Workflow:Datahub project Datahub Metadata Actions Pipeline
| Knowledge Sources | |
|---|---|
| Domains | Data_Engineering, Metadata_Management, Event_Driven |
| Last Updated | 2026-02-09 12:00 GMT |
Overview
End-to-end process for building event-driven automation pipelines that react to real-time metadata changes in DataHub.
Description
This workflow covers the DataHub Actions Framework, which provides a pluggable pipeline for consuming real-time metadata change events from Kafka and executing automated reactions. The pipeline has six configurable components: name, source, filter, transformer, action, and error handling options. Actions can respond to entity changes (tag additions, ownership changes, deprecations) by executing custom logic, calling external APIs, or triggering downstream workflows.
Usage
Execute this workflow when you need to automate responses to metadata changes in DataHub. Examples include sending notifications when datasets are deprecated, triggering data quality checks when schema changes occur, synchronizing metadata to external systems, or enforcing governance policies in real-time.
Execution Steps
Step 1: Install Actions Framework
Install the DataHub CLI and the Actions Framework extension package. The framework extends the base CLI with event consumption and action execution capabilities.
Key considerations:
- Requires acryl-datahub version 0.8.34 or higher
- Install acryl-datahub-actions as an additional package
- Verify installation with datahub actions version
Step 2: Create Action Configuration
Author a YAML configuration file defining the six pipeline components: pipeline name, event source (Kafka), optional filters, optional transformers, action handler, and error handling options.
Key considerations:
- Source configures the Kafka consumer connection
- Filters narrow events by type (EntityChangeEvent_v1 or MetadataChangeLog_v1)
- Transformers modify events before they reach the action
- The action component defines what happens when events match
Step 3: Configure Event Filtering
Define filters to select specific event types and entity changes.

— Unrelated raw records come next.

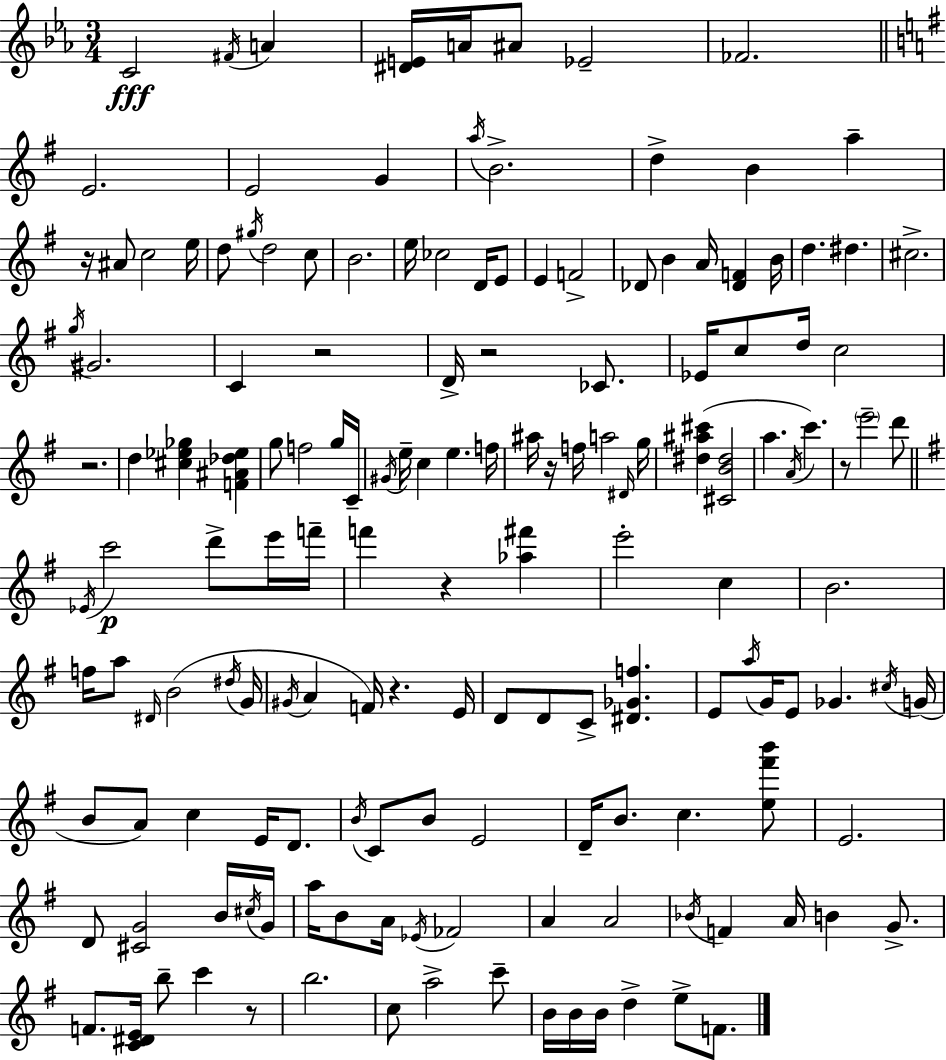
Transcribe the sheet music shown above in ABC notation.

X:1
T:Untitled
M:3/4
L:1/4
K:Cm
C2 ^F/4 A [^DE]/4 A/4 ^A/2 _E2 _F2 E2 E2 G a/4 B2 d B a z/4 ^A/2 c2 e/4 d/2 ^g/4 d2 c/2 B2 e/4 _c2 D/4 E/2 E F2 _D/2 B A/4 [_DF] B/4 d ^d ^c2 g/4 ^G2 C z2 D/4 z2 _C/2 _E/4 c/2 d/4 c2 z2 d [^c_e_g] [F^A_d_e] g/2 f2 g/4 C/4 ^G/4 e/4 c e f/4 ^a/4 z/4 f/4 a2 ^D/4 g/4 [^d^a^c'] [^CB^d]2 a A/4 c' z/2 e'2 d'/2 _E/4 c'2 d'/2 e'/4 f'/4 f' z [_a^f'] e'2 c B2 f/4 a/2 ^D/4 B2 ^d/4 G/4 ^G/4 A F/4 z E/4 D/2 D/2 C/2 [^D_Gf] E/2 a/4 G/4 E/2 _G ^c/4 G/4 B/2 A/2 c E/4 D/2 B/4 C/2 B/2 E2 D/4 B/2 c [e^f'b']/2 E2 D/2 [^CG]2 B/4 ^c/4 G/4 a/4 B/2 A/4 _E/4 _F2 A A2 _B/4 F A/4 B G/2 F/2 [C^DE]/4 b/2 c' z/2 b2 c/2 a2 c'/2 B/4 B/4 B/4 d e/2 F/2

Filters reduce noise by ensuring only relevant events trigger the action.
Key considerations:
- Filter by event type (entity change vs. raw metadata change log)
- Filter by entity type, aspect name, or change category
- Multiple filters can be combined for precise event selection
Step 4: Implement Action Logic
Configure the action component that executes when matching events are received. Use built-in actions or implement custom action plugins.
Key considerations:
- Built-in actions include hello_world (logging) and executor (command execution)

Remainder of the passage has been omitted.